Jestem mu skłonny wierzyć.
On raczej mowil o takich co godzinami stoją na glowie.

ontoja

  • Wiadomości: 1 228
  • Płeć: Mężczyzna
  • Status: Obserwator
[#]   « 2015-04-27, 12:52:08 »
Ta joga to jakies nieporozumienie. Spodziewalem sie ze pojde sie tam odprezyc i zrelaksowac a dostalem taki wycisk ze przypomnialo mi sie jak zygalem ze zmeczenia gdy bylem w Strzelcach.
Niewytrzymalem i pod koniec ledwo wstalem i wyszedlem na korytarz. Temperatura wysoka nie mialem co pic bo wody niewziolem i te pozy bardzo trudne do wykonania. Nawet silownia nigdy mnie tak niezniszczyla. Jak zabieralem recznik to wazyl kilka kilo tyle sie ze mnie wylalo.
Jednak zaraz po wyjsciu tlumaczyli mi ze za pierwszym razem jest kiepsko i ze to pokocham. Coz nie wiem czemu ale wziolem karte na miesiac. Jutro tez ide.
Myslalem chwilami ze tam zemdleje. Wy tez tak mieliscie ?
Dlatego jestem zwolennikiem ćwiczeń w samotności.Jakichkolwiek.Wszystko w swoim tempie.A tak to albo się nie daje rady albo inni nie dają.

ontoja

  • Wiadomości: 1 228
  • Płeć: Mężczyzna
  • Status: Obserwator
[#]   « 2015-04-27, 12:41:42 »
Hatha joga to w zasadzie pranajama i kilkanaście asan.Reszta została dodana głównie w XXw.w trakcie wielkiej popularności gimnastyki a także w średniowieczu z ćwiczeń zapaśników indyjskich np
tzw.powitanie słońca.Celem asan bylo wstępne uspokojenie umysłu do medytacji a pranayama byla tego kontynuacją.No i medytacja byla kolejnym etapem koncentracji i z niej wynikala.Z tym,ze to juz radza joga.To co dzis nazywa się joga to właściwie fitnes choc według mnie najkorzystniejszy rodzaj ruchu dla zdrowia jaki został wymyślony .Do tego 10 minut biegu i nic więcej w tym zakresie nie jest potrzebne.Wszystkie silownie ,stacjonarne rowerki to niewiele warte przy tym wydawanie kasy.

Tess

  • Wiadomości: 2 607
  • Płeć: Kobieta
  • Status: Obserwator
[#]   « 2015-03-13, 23:03:26 »
Plecy wg Louise Hay:

Plecy symbolizują wsparcie życiowe.  Proponowany wzorzec życiowy.
Wiem, że Bóg, życie mnie zawsze wspiera.

Problemy:
- górna część 
Przyczyna - Brak wsparcia uczuciowego.
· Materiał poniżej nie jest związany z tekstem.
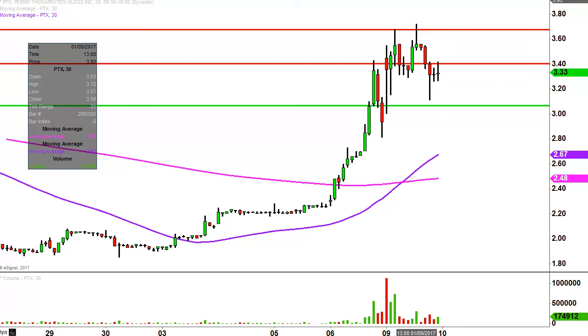So all in all, good start to the week, good volume still. It'll be interesting to see if the bulls can continue to build upon this upwards move for the next four days.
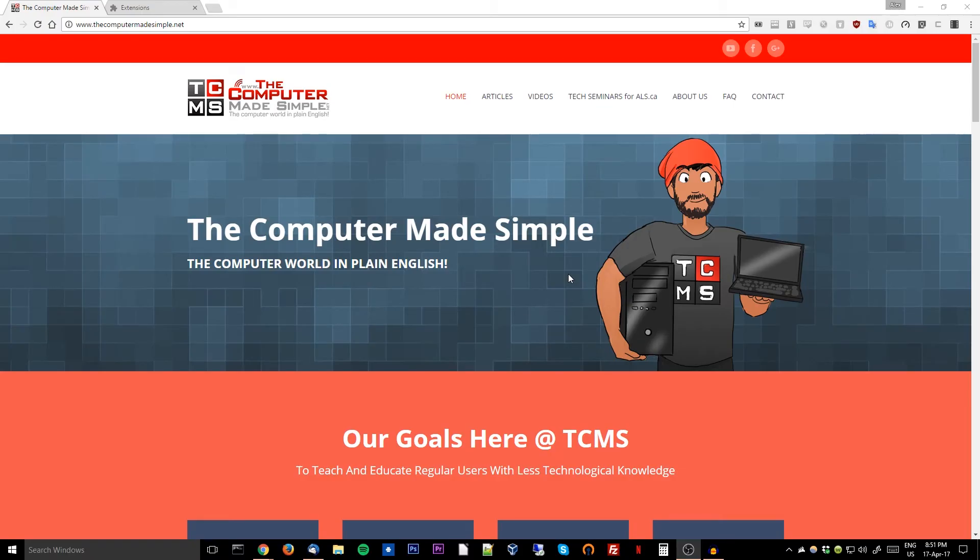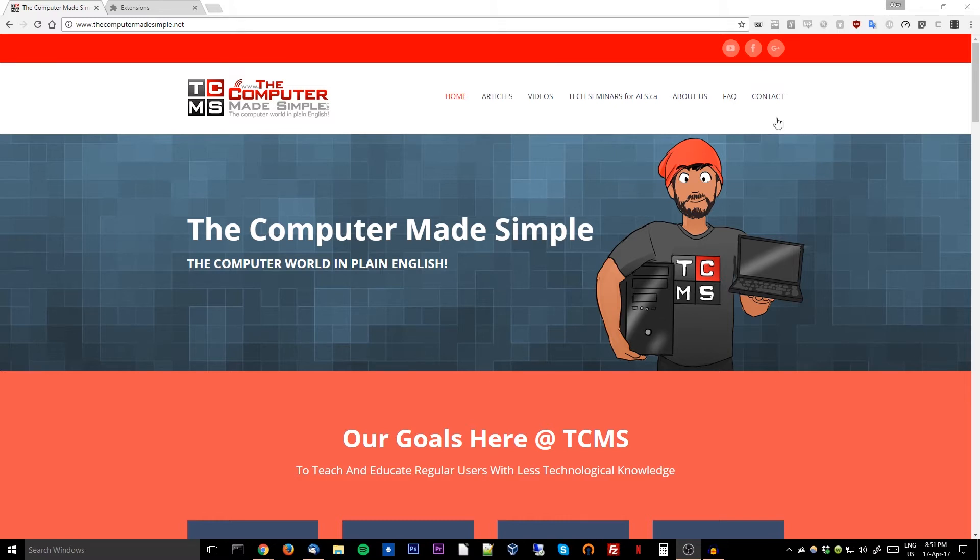Hey guys, welcome to another quick tip video. Do you ever browse the web and sometimes get a website that will not allow you to watch or read an article if you are using an ad blocker?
Czucie sie niekochanym. POwstrzymywanie miłości.
Proponowany wzorzec myślowy - Kocham i akceptuję siebie. Bóg, życie mnie wspiera i kocha.
-środkowa część 
Przyczyna - Wina. Poczucie uwięzienia w bagażu przeszłości. Chęć oderwania się od niego.
P w m - Uwalniam się od przeszłości. Jestem wolny, ide przed siebie z miłością w sercu.
-dolna część
Przyczyna - Lęk związany z pieniędzmi. Brak wsparcia finansowego.
Pwm - Ufam procesowi życia. Wszystko, czego potrzebuję, jest mi zawsze zapewniane. Jestem bezpieczny.